Tom Riddle's Origins
erinellii
erinellii at yahoo.com
Wed Nov 5 16:17:23 UTC 2003
No: HPFGUIDX 84148
> The Sergeant Majorette says:
> > He wasn't the most evil dark wizard in a hundred years when he
killed his father and grandparents.
Erin:
Yes he was. He might not have actually earned public recognition of
it at that point, but make no mistake- Tom Riddle has always been,
personality-wise, the person he is today. He knew exactly what he
meant to become, he had it all planned out.
Sergeant Majorette:
He was a teenager with a screw loose, or he could have simply taken
the Riddles for every penny they had and left them destitute and
suffering.
Erin:
I fail to see exactly how Tom Jr. could have left them destitute.
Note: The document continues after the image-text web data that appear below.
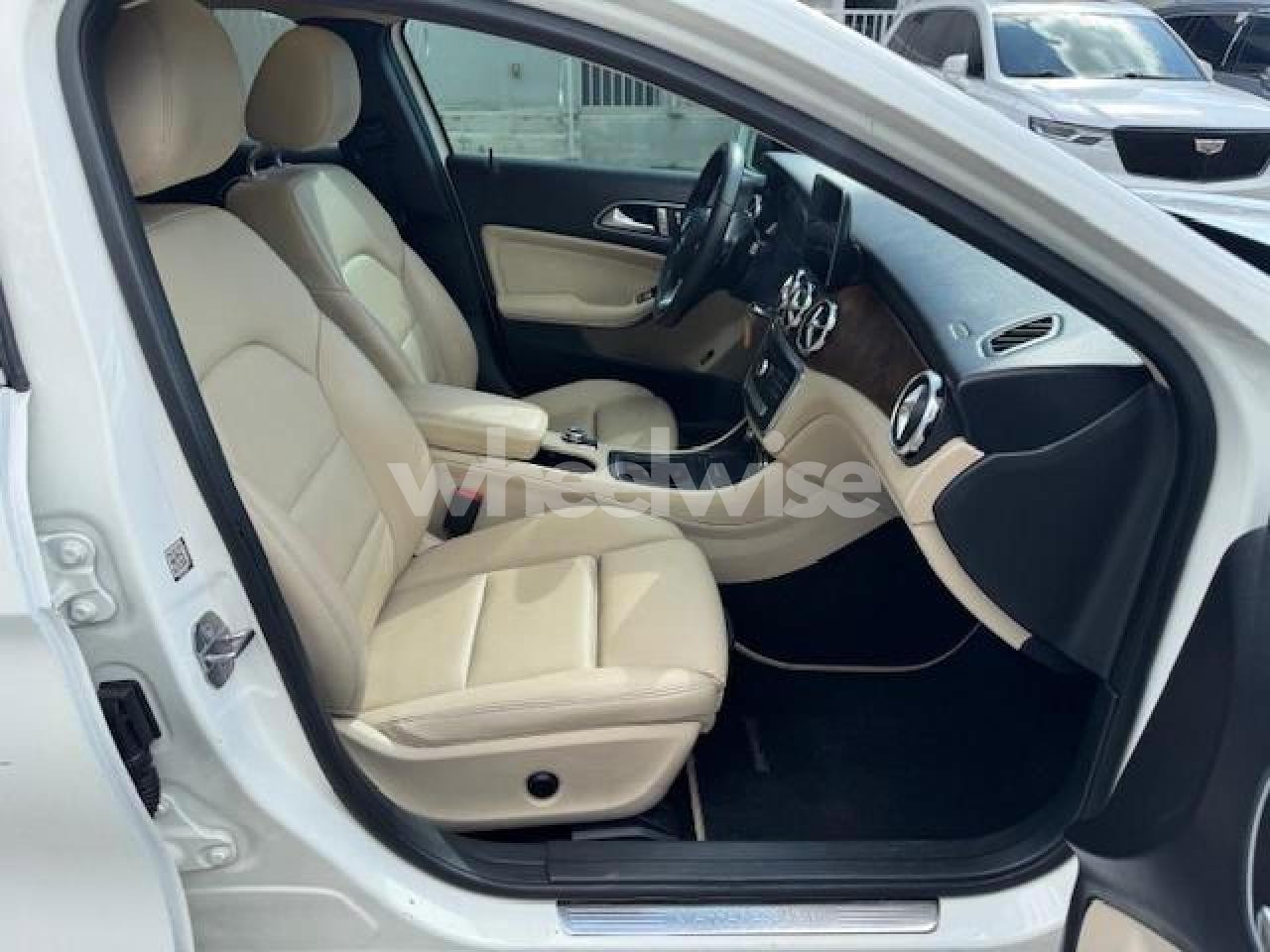 Photo 7 of 2019 MERCEDES-BENZ GLA 250 (VIN WDCTG4EB3KJ551881)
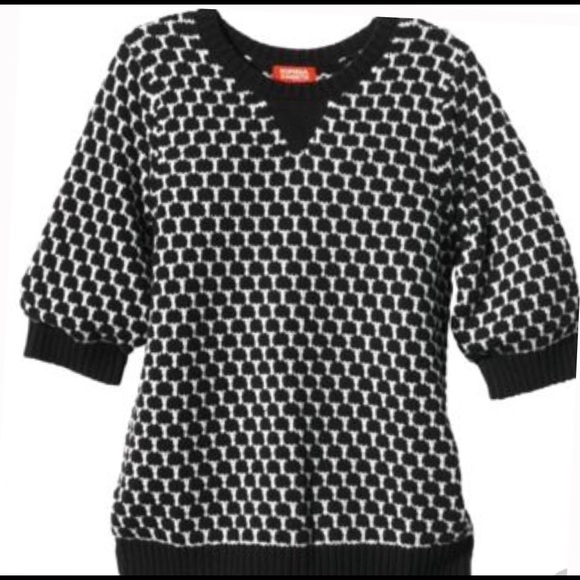 Kirna Zabete for Target oversized Sweater Size M - Picture 1 of 2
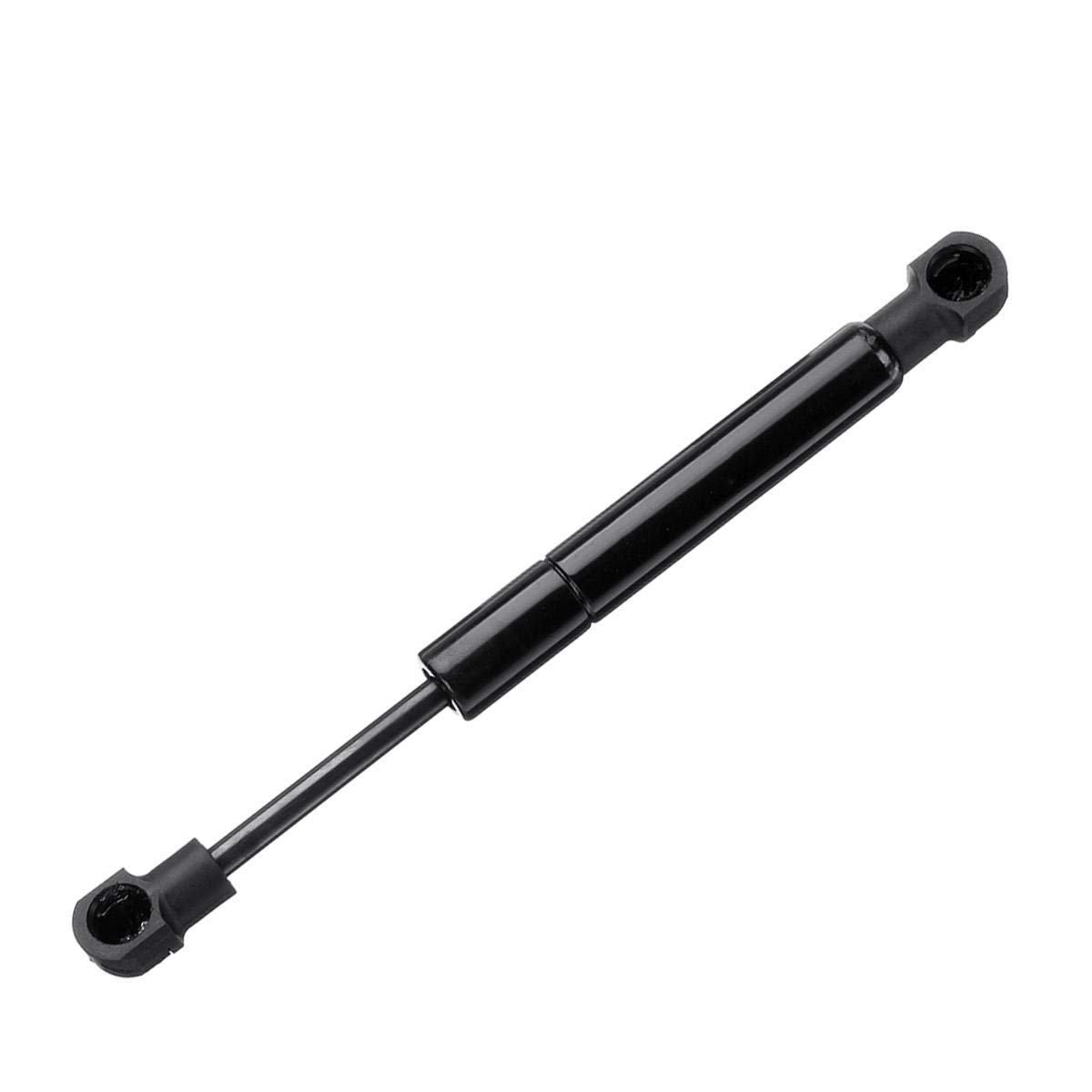 Handson Bumper Corner Dockguard44; White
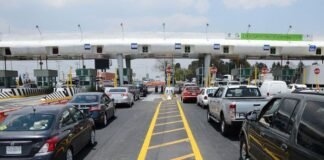 Descuentos en casetas para adultos mayores proponen senadores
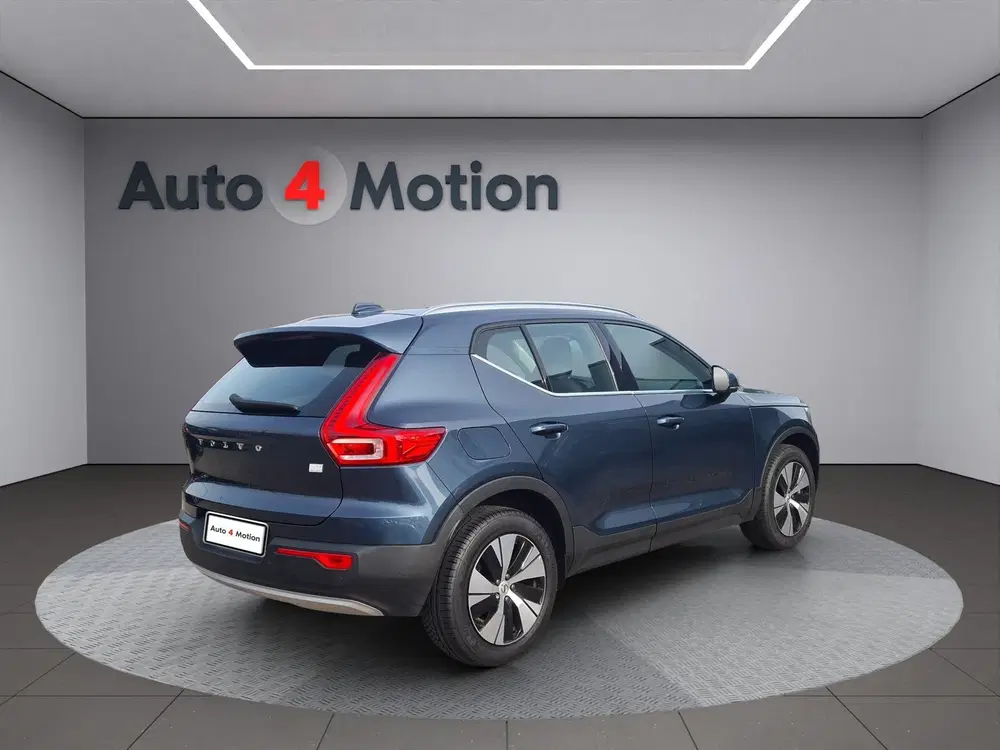 Volvo XC40 1.5 T4 Recharge Inscription Full LED I CAM uit 2021, foto 5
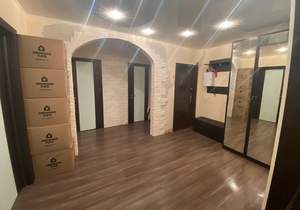 2-к квартира, вторичка, 66м2, 8/11 этаж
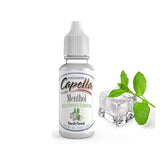 CAPELLA Menthol - Arôme Concentré 10ml-VAPEVO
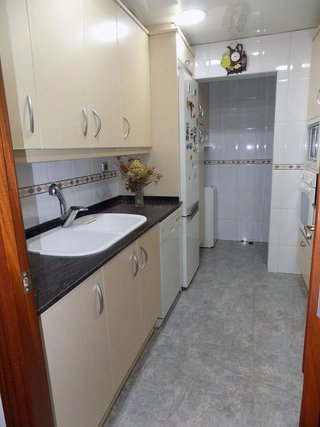 Piso en venta en La Salut - Lloreda en Badalona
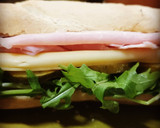 Foto del paso 8 de la receta: Baguetines de pan francés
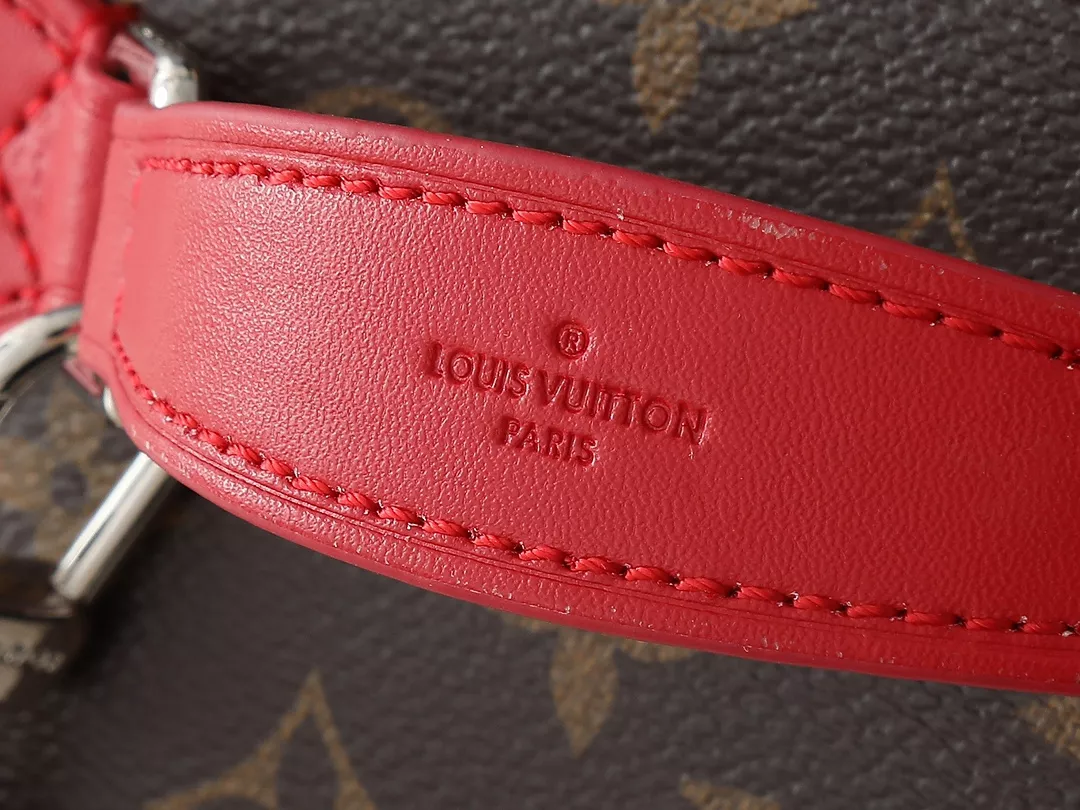 Louis Vuitton AAA Quality Handbags For Women Resilient 715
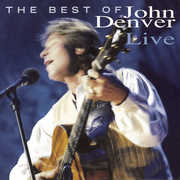 Best of Live , John Denver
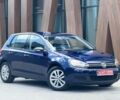Синій Фольксваген Гольф, об'ємом двигуна 1.6 л та пробігом 209 тис. км за 7200 $, фото 1 на Automoto.ua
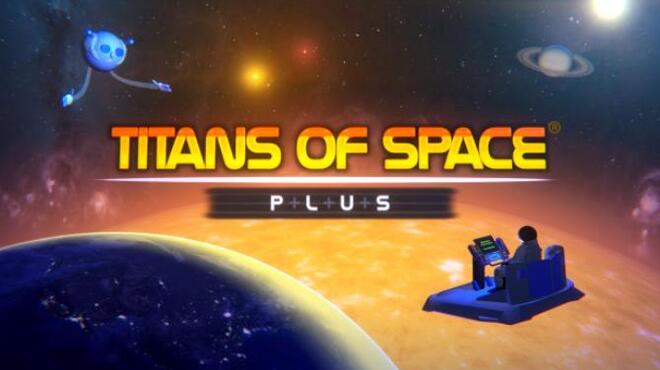 Titans of Space PLUS VR Free Download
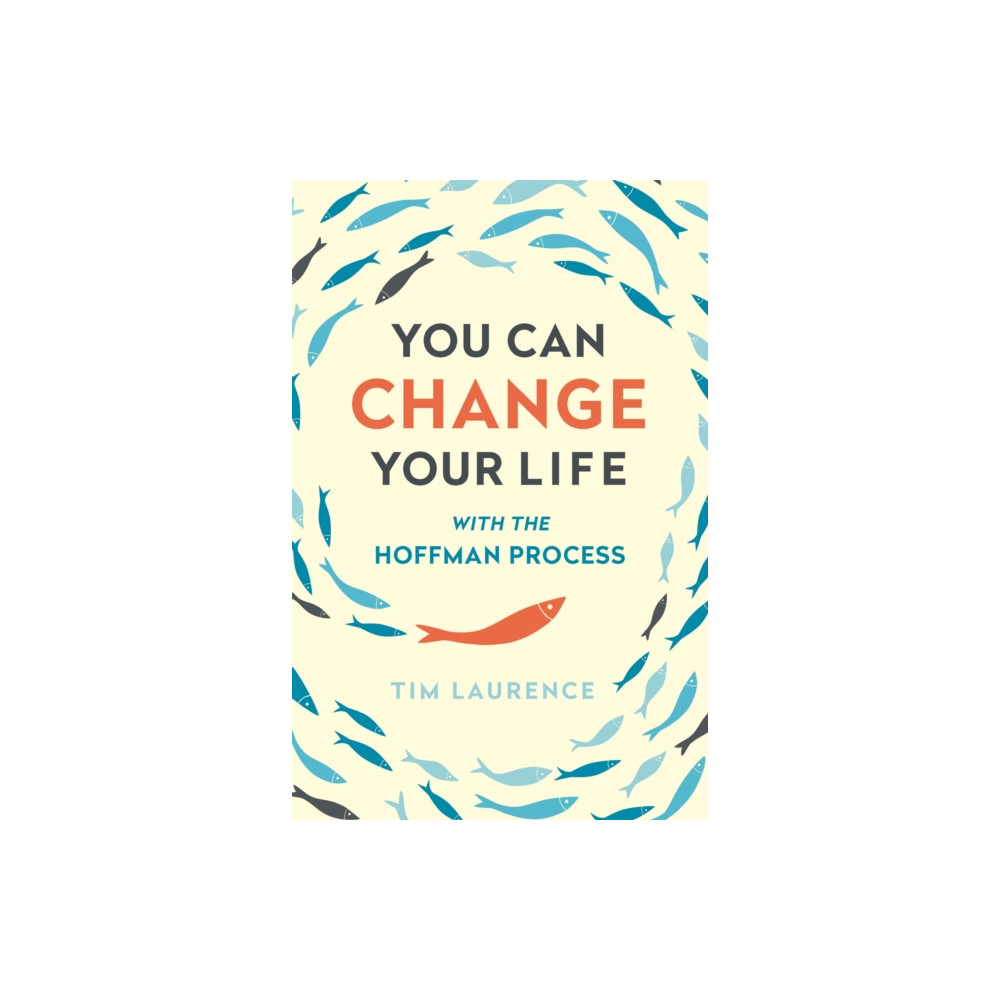 Produktbild för You Can Change Your Life (häftad, eng)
You also mentioned a lawyer in your other post. So are you saying
Tom should have sued his father? On what grounds? It isn't actually
illegal to abandon your spouse, you know. He could maybe have gotten
18 years of child support and some mental distress, but that's it.
And that wouldn't have touched the older generation of Riddles at
all.
Or maybe you're thinking blackmail. Well, remember, Tom Jr. can't
expose Tom Sr. to the muggle world because of the wizarding angle.
And, since Tom Sr. is a muggle living in a muggle world, he would be
unlikely to care what the WW thinks of him.
Sergeant Majorette:
> And did his mother die as a direct result of abandonment? "My
mother died just after I was born, sir. They told me at the orphanage
she lived just long enough to name me..." Okay, septic shock, but a
> broken heart? We don't buy it in the ballet Giselle and we don't
buy it in a witch with the blood of the great Salazar Slytherin.
>
> And was abandonment *less* or *more* common back then? I'd be
willing to bet that orphanage placement was standard procedure for
the children of abandoned wives, wayward girls and other fallen women.
Erin:
Less, definitely less, because the stigma was greater. Ok, it might
have been more common for abandoned mothers to place their babies in
orphanages, but overall abandonment was much less.
And as for why exactly she died... it almost doesn't matter. What
matters to Tom is that it is his father's fault he was placed in the
orphanage he hates so much. If his mother had lived and still placed
him there, then probably his anger would have encompassed the both of
them, and he would have taken revenge on both.
> Tom Riddle is *insane*. And the Quibbler is a tabloid...
Erin:
Insane, huh? So you think that when Harry catches him, they should
spare him the Dementor's kiss or AK, and instead give him a nice cozy
bed in St. Mungo's? I disagree. The level of planning and
organization in Tom's evil empire is evidence of sanity, as is the
large number of followers he gained. Just because he doesn't have
the same moral standards as you is no reason to label him as "of
unsound mind".
As for the Quibbler... first, we don't know for sure that it was even
around back then. If Luna's dad founded it, it probably wasn't. But
a wizarding paper wouldn't have worked regardless. As I pointed out
earlier, Tom Sr. was a muggle. He wouldn't have cared what the WW
thought of him. And also, have you forgotten Voldemort didn't want
his followers to know he was of mixed birth? He was hardly going to
broadcast it all over Britain. His father could have been killed to
dispose of the evidence as much as for revenge.